Dr. Jorn Bethke Riegel said the company uses antimicrobial peptides to combat Piscirickettsia and Tenacibaculum, two bacterial infections common in Chile that cause great economic harm to the industry. Salmokine won the $50,000 “transformational” prize, sponsored by Salmon Sustenable, an offshoot of public investment agency Corfo.
Bethke Riegel estimated that if the entire Chilean salmon industry used its product, it would save at minimum $60 million just by reducing mortalities due to these infections. Its product, InnBoost, is undergoing validation trials now. Designed for salmon, Bethke Riegel said the product, in its current form, would also work for tilapia.
Five other startups pitched during the contest, including Xylome, a yeast technology company, based in the USA, that’s creating fishmeal- and fish oil-free feeds for farmed salmon. CEO Thomas Kelleher said the company’s “circularity by design” strategy combines ith a yeast-based oil and xanthan pigment with soy protein and oil, processed with agricultural feedstocks and fermentation stillage. Kelleher said the technology can greatly reduce the greenhouse gas emission from feed production and could save 2.8 million tons of wild fish per year.
Feedvax, a disease-prevention company based in Argentina, is developing an oral vaccine from tilapia, a potential $100 million market for its products. Saying antibiotics are a major threat to humanity, CEO Luis Barletta said the company’s oral vaccine is easy to use and causes zero stress to fish. It is seeking $5 million in seed funding after trials this year.
Genufeed, based in Israel, is aiming to bring a black soldier fly larvae product to the aquafeed market. But theirs is different from others on the market, as their insects are not ground up into a meal. Instead, the whole insect larvae are coated with an “enrichment material” that meets the fish’s full nutritional needs, given that BSF larvae is low in lysine and methionine. “We must make sure that functional materials are present in feeds, like astaxanthin,” said Yair Fecher, CEO and founder of the company. The dried larvae production process only has three stages, whereas extruded feeds involve a complicated process involving 17 stages. Fecher said the company is raising $2.5 million to develop a trout formulation.
Disease management in aquaculture requires “unlocking nature’s factory,” said Rishita Changede, CEO and founder of TeOra, based in India. Ninety percent of our food contains harmful chemicals, most notably antibiotics, said Changede, adding that “this needs to stop.” Microencapsulated oral vaccines, stable in an aquatic environment for shrimp and fish with a keen focus on “bioavailability,” are in development. First looking at White Spot Syndrome Virus in shrimp, TeOra is opening a seed round at the end of this year.

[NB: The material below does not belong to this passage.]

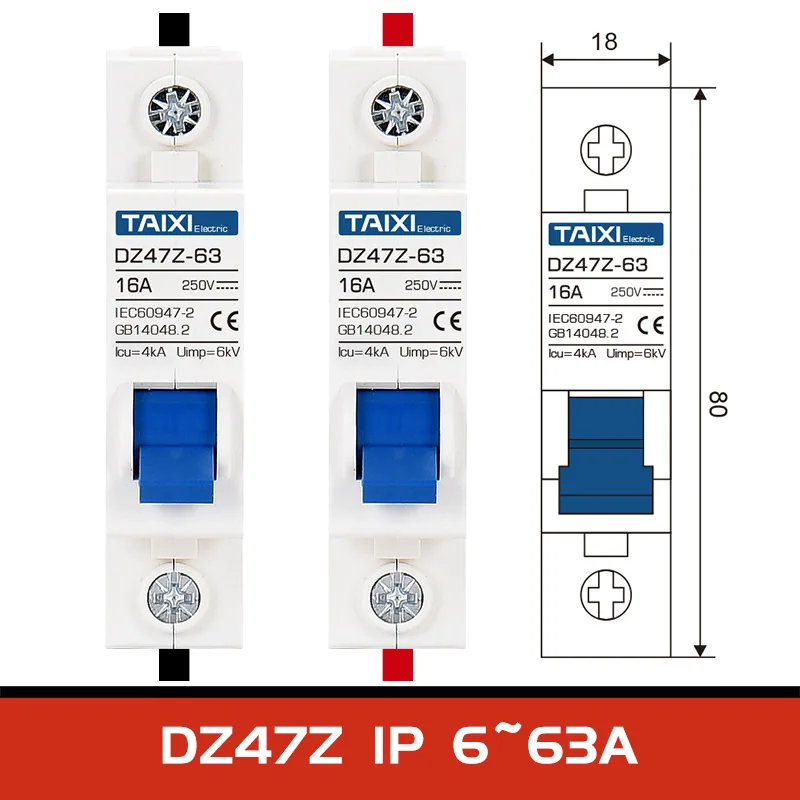 Interruttore magnetotermico DC 16A 25A 32A 40A 63A 125Amp 500V 1P 2P interruttore di scollegamento MCB per pannello batteria solare sistema fotovoltaico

Seawater Solutions is seeking opportunities to expand its regenerative aquaculture system that restores mangrove wetlands and uses a zero-input circular system. Based in Glasgow, Scotland, the impact-focused company is building a model of carbon credits and circular aquaculture practices to create new coastal ecosystems that currently lack freshwater supplies. The company’s model includes the production of Salicornia, a type of halophyte (sea plant) that can be used as an aquafeed ingredient. Founder and CEO Yanik Nyberg said the company has 30,000 hectares of projects currently in development – mostly in Vietnam – and is seeking $8 to $25 million in impact investments to build its closed-loop systems in other regions.